Berlin (dpa) - Sie versteht sich auf Klamaukfilme, sie sind regelrecht zu ihrem Markenzeichen geworden. Doch sie kann auch anders. 2019 etwa trat Melissa McCarthy im Mafia-Film "The Kitchen: Queens of Crime" als taffe Gattin eines inhaftierten Gangsters vors Publikum. Im Film wird wenig gelacht.

Auch im skurrilen Drama "Can You Ever Forgive Me?" (2018) hat die US-Schauspielerin, die heute 50 wird, eine ernste Rolle übernommen. Sie mimt darin als Hauptdarstellerin eine schwermütige Autorin, die als Betrügerin auffliegt. Die Rolle brachte ihr ihre zweite Oscar-Nominierung ein.

Als beste Nebendarstellerin war sie bereits in der grotesk überzeichneten, chaotischen Komödie "Brautalarm" (2011) im Rennen um einen Goldjungen. Auch wenn es am Ende nicht geklappt hat, für McCarthy war das ein Höhepunkt ihrer Karriere in Hollywood und gab ihr Schubkraft. Im Showbiz begonnen hatte sie als Stand-up-Comedian in New York.

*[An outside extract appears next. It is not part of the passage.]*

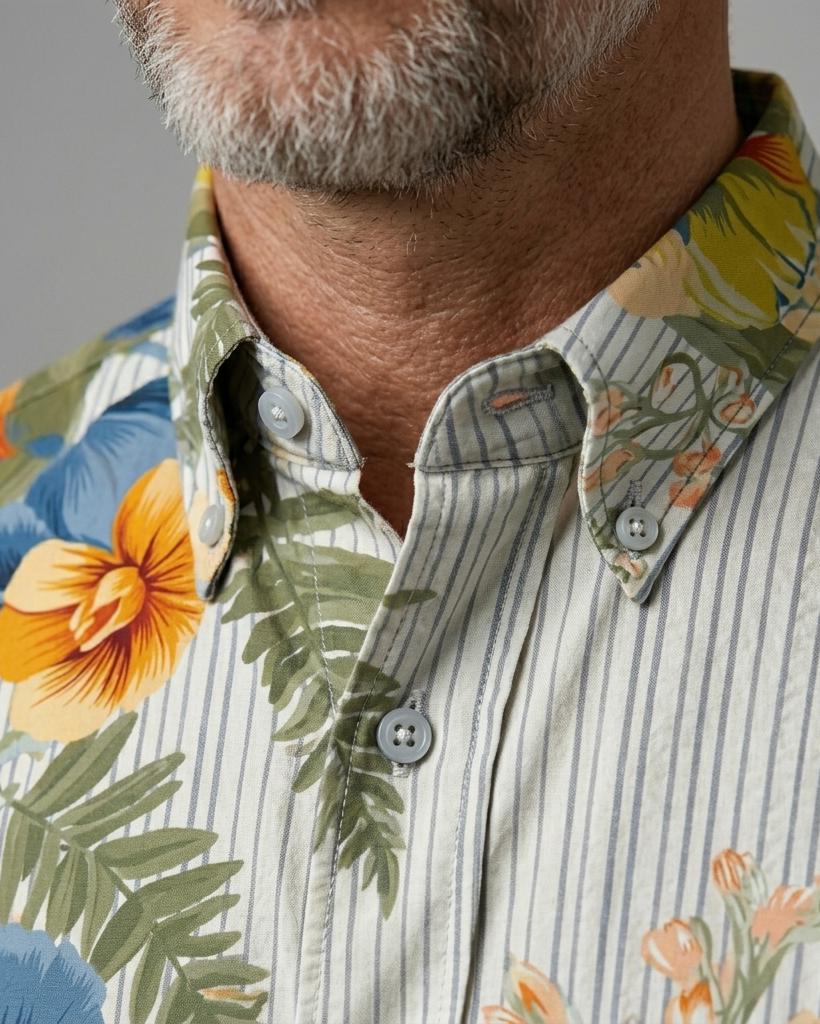 Men's Light Base Thin Vertical Stripe Tropical Floral Regular Fit Retro Casual Short-Sleeve Button-Down Shirt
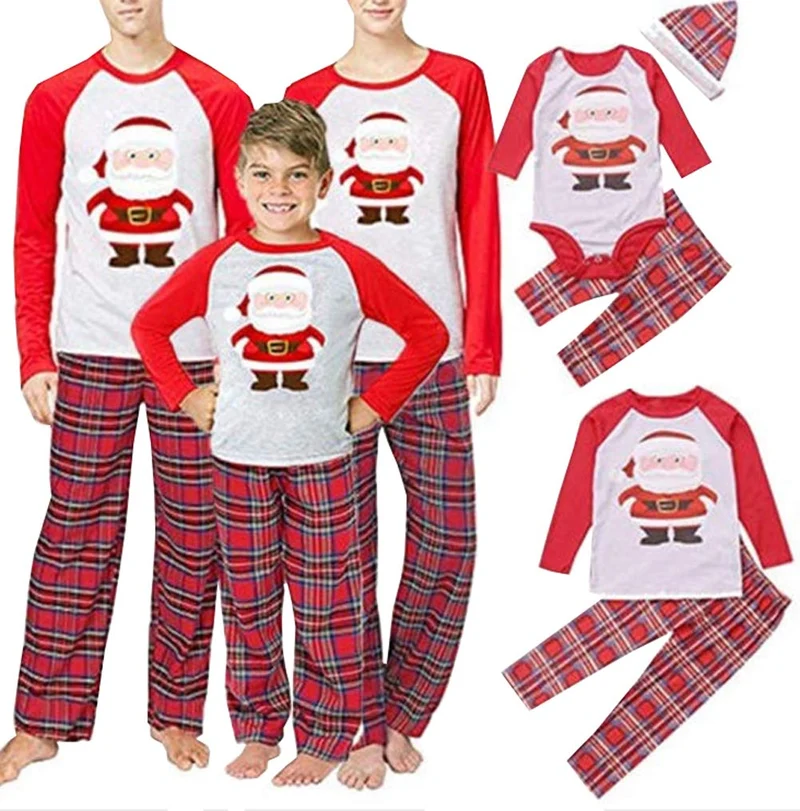 SAMGU Pigiama Famiglia Natale Set Pigiama di Capodanno Indumenti da Notte Abiti Natalizi Tuta per papà Mamma Bambini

Jahrelang war die nur 1,57 Meter große, aber schwergewichtige Schauspielerin auf das Fach der "lustigen Dicken" festgelegt worden. In der erfolgreichen TV-Serie "Gilmore Girls" (2000-2007) war sie die beste Freundin der Titelheldin, in der Sitcom "Mike & Molly" indes gab sie die eine Hälfte eines stark übergewichtigen Paares in Chicago, das täglich mit Kalorien zu kämpfen hat.

Es sind oft selbstbewusste Frauen, die Melissa McCarthy spielt - zurückhaltend, freundlich und zuvorkommend sind diese aber nicht immer - und Männer müssen sich häufig warm anziehen. In "Voll abgezockt" (2013), der erste Kinofilm mit ihr in einer Hauptrolle, verkörperte sie eine dreiste Identitätsdiebin und Kreditkartenbetrügerin, eine ruchlose Gaunerin der übelsten Sorte. Sie fluchte in ihrer Rolle wie ein Droschkenkutscher, schlug auch mal zu und kannte auch sexuell keine Hemmungen.

Ebenfalls 2013 glänzte McCarthy an der Seite von Sandra Bullock in "Taffe Mädels" als derbe Polizistin, die kein Blatt vor den Mund nimmt. Wo sie zulangt, wächst so schnell kein Gras mehr. Und wo sie mit Worten nicht weiterkommt, setzt sie einfach die Kraft ihres mächtigen Körpers ein.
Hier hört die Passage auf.